**EXERCISE:**
For this exercise, retype each line of the material below verbatim and omit any picture.

**SOURCE DATA:**
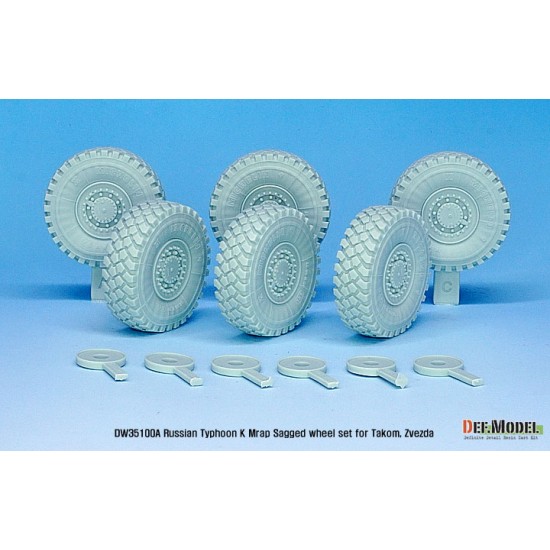 1/35 Russian Typhoon-K Mrap Sagged Wheel set for Takom/Zvezda kit (retooled ver) 1/35 Russian Typhoon-K Mrap Sagged Wheel set for Takom/Zvezda kit (retooled ver)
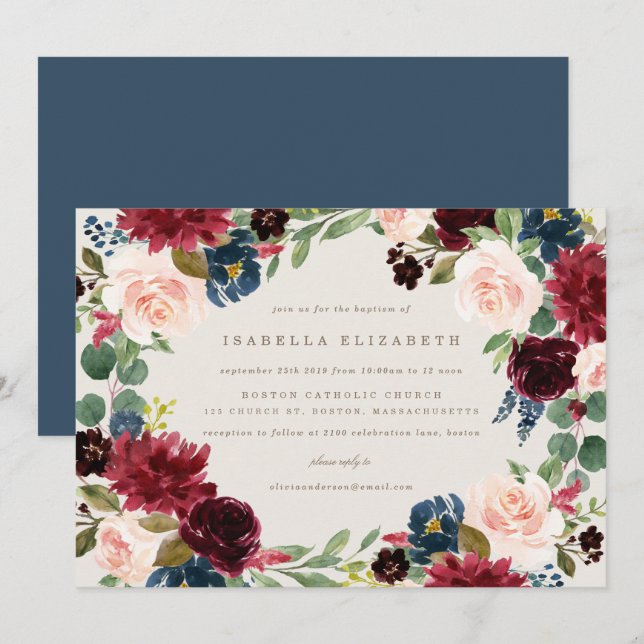 Invitación al bautismo de la elegancia de otoño (Anverso / Reverso)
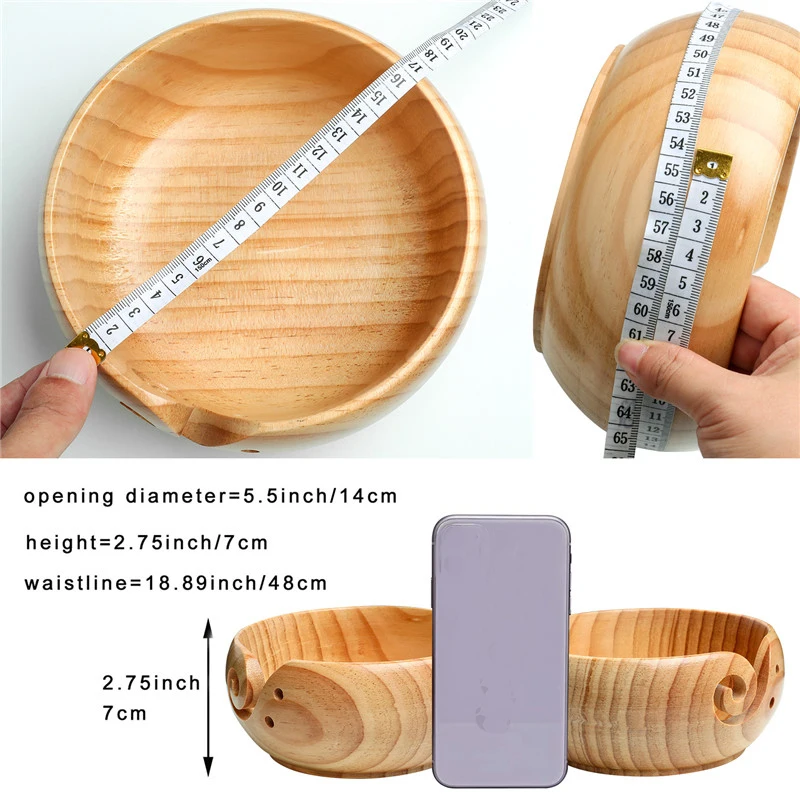 Eco-friendly Wooden Yarn Storage Bowl Organizer with Handmade Holes DIY Storage Craft Crochet Kit Organizer Knitting Yarn Holder (3)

**WRITTEN RESPONSE:**
 1/35 Russian Typhoon-K Mrap Sagged Wheel set for Takom/Zvezda kit (retooled ver) 1/35 Russian Typhoon-K Mrap Sagged Wheel set for Takom/Zvezda kit (retooled ver)
 Invitación al bautismo de la elegancia de otoño (Anverso / Reverso)
 Eco-friendly Wooden Yarn Storage Bowl Organizer with Handmade Holes DIY Storage Craft Crochet Kit Organizer Knitting Yarn Holder (3)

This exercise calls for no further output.